The proof of Theorem 1 relies on some technical results given originally by Hauswirth, Rosenberg, and Spruck in [10]. Although they treat the case \(H=\frac{1}{2}\) in \(\mathbb{H}^{2}\times\mathbb{R}\), their arguments can be directly generalized to H-surfaces in \(\mathbb{E}(\kappa,\tau)\) with 4H ²+κ≤0, giving rise to Lemma 3 below.

Take \(x_{0}\in\mathbb{H}^{2}\) and R>0 such that there exists u∈C ^∞(B(x ₀,R)) with F _u (B(x ₀,R))⊂Σ. (As π _|Σ is a local diffeomorphism, this can be done for any x ₀∈π(Σ).) We also fix a unit normal vector field N of Σ so that the angle function ν=〈N,ξ〉 is positive. We observe that ν lies in the kernel of the stability operator of Σ, defined in (1.1); see [1]. Since ν has no zeros, we deduce by a theorem given by Fischer–Colbrie [8] (see Lemma 2.1 in [15]) that Σ is stable. This provides curvature estimates, playing an important role in the proof of Lemma 3.

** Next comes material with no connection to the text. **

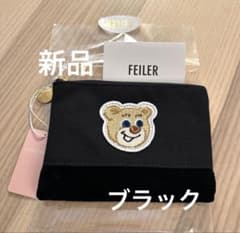 新品未使用】新作ブラック オールドテディ ワッペンポーチ 黒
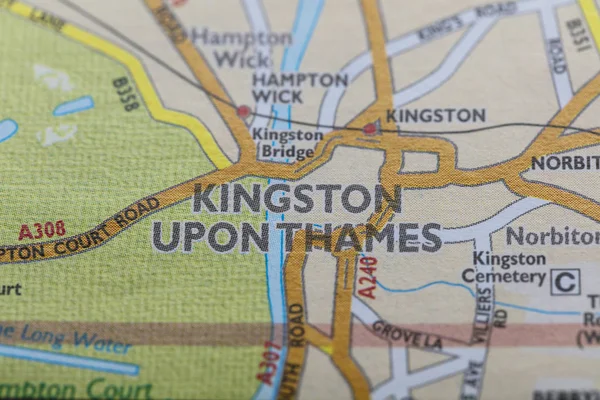 London borough of Kingston Upon Thames location map — Stock Photo, Image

Suppose that \(\hat{x}\in\partial B(x_{0},R)\) satisfies that u cannot be extended to any neighborhood of \(\hat{x}\) in \(\mathbb{H}^{2}\) as a vertical H-graph. Given a sequence {x _n }⊂B(x ₀,R) converging to \(\hat{x}\) and calling p _n =F _u (x _n ), the arguments in [10] can be extended to show that the sequence of surfaces {Σ _n } (where Σ _n results from translating Σ vertically so that p _n is at height zero), converges in the \(\mathcal{C}^{2}\)-topology to a vertical cylinder π ⁻¹(Γ), for a curve \(\varGamma\subset\mathbb{H}^{2}\) of constant geodesic curvature 2H or −2H which is tangent to ∂B(x ₀,R) at \(\hat{x}\). Note that the condition 4H ²−1<0 implies that Γ is non-compact.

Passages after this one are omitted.